Herr Blocher, wer mit anschaut, auf wie vielen Hochzeiten Sie als Politiker, „Heimatschützer“ und Chemieunternehmer mit vorweggenommenem Anschluss an den europäischen und internationalen Wirtschaftsraum tanzen, fragt sich, ob es den „widersprüchlichen“ Christoph Blocher eigentlich nie in Stücke reisst. Geht es Ihnen gut?
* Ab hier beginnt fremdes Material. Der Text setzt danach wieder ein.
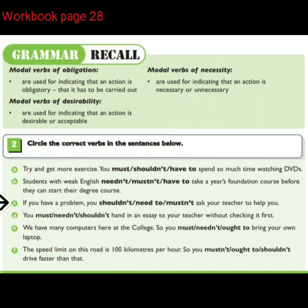If you have a problem, you [shouldn't / need to / mustn't] ask your teacher to help you.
Blocher: Da unterstellen Sie mir jetzt etwas viel. Meine Persönlichkeit ist nicht widersprüchlich, sie ist eine Einheit, eine Stärke, darum kann ich ja so aktiv sein. Wir verkehren mit allen Staaten freundschaftlich, auf politischem, kulturellem und wirtschaftlichem Gebiet, aber wir lassen uns nie vereinnahmen. Diese Überzeugung vertrete ich als Politiker, Unternehmer und Mensch. Natürlich gibt es Interessengegensätze. Die bilateralen Verträge bringen aus unternehmerischer Sicht gewisse Vorteile, zum Beispiel billigere Leute durch den freien Personenverkehr. Für das Gesamtinteresse des Landes, für den Bürger und den Wirtschaftsstandort, bringen sie aber Nachteile, eine starke Steuerbelastung und Arbeitslosigkeit. Deshalb muss ich die Interessen als Unternehmer eben zurückstellen. Ich wehre mich nicht gegen Weltoffenheit, das wäre nicht einmal aus wirtschaftlicher Sicht richtig. Aber ich wehre mich gegen die Einbindung.